The number of fatal car wrecks in Georgia continued rising in 2021, primarily because of the “big three” - distracted driving, speeding and impaired driving. These driving mistakes are a severe problem in all 50 states, and not just in this state. An accident attorney in Georgia has several legal options, primarily based on the evidence in the case.
Negligence is a lack of care. This idea comes from a long line of court cases, including 1932’s Donoghue v. Stevenson. A bottle of beer contained a dead snail. The woman who bought the beer sued the bottler, claiming the bottler should have monitored the assembly line and ensured that beer bottles contained only beer. The court used the so-called neighbor principle to side with the woman. This idea is based on the old story of the Good Samaritan.

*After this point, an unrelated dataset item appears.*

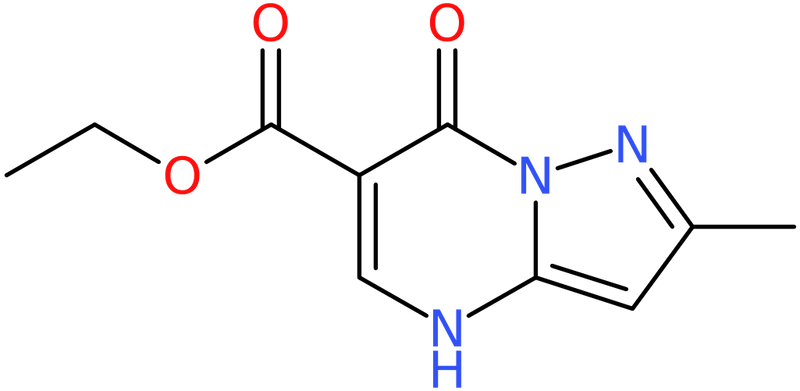 CAS: 99056-35-6 | Ethyl 2-methyl-7-oxo-4,7-dihydropyrazolo[1,5-a]pyrimidine-6-carboxylate, NX71793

Over the years, the neighbor principle became the duty of reasonable care, which has four parts in Georgia:
Some states, such as neighboring Florida, impose an additional requirement. Along with about a dozen other states, the Sunshine State has a no-fault insurance law. Victims may file legal claims only in certain cases. However, Georgia lawmakers repealed the state’s no-fault law in 1991.
These four elements (or five in some states) establish a negligence case. Next, the insurance company gets the ball. Once again, the principal aspects of insurance company defenses are the same everywhere, but the specifics vary in different states. The seat belt defense and comparative fault are two prime examples.
Georgia has a comprehensive set belt requirement. All front-seat passengers of any age must wear seat belts. Failure to buckle up could result in a ticket, but it doesn’t reduce the payment in a car crash case.
At first, this stance seems unusual. After all, people are responsible for their safety. Still, this position is consistent with Georgia’s mitigation rule. Victims don’t have a duty to lower their damages before wrecks. Otherwise, we’d have to drive armored cars to work and wear crash helmets behind the wheel.
Comparative fault, or contributory negligence, is a doctrine that shifts blame for an injury from one party to another one. Let’s return to Bill and Ted. If the two drivers crashed into each other when Bill was speeding and Ted changed lanes without signaling, they might be at fault.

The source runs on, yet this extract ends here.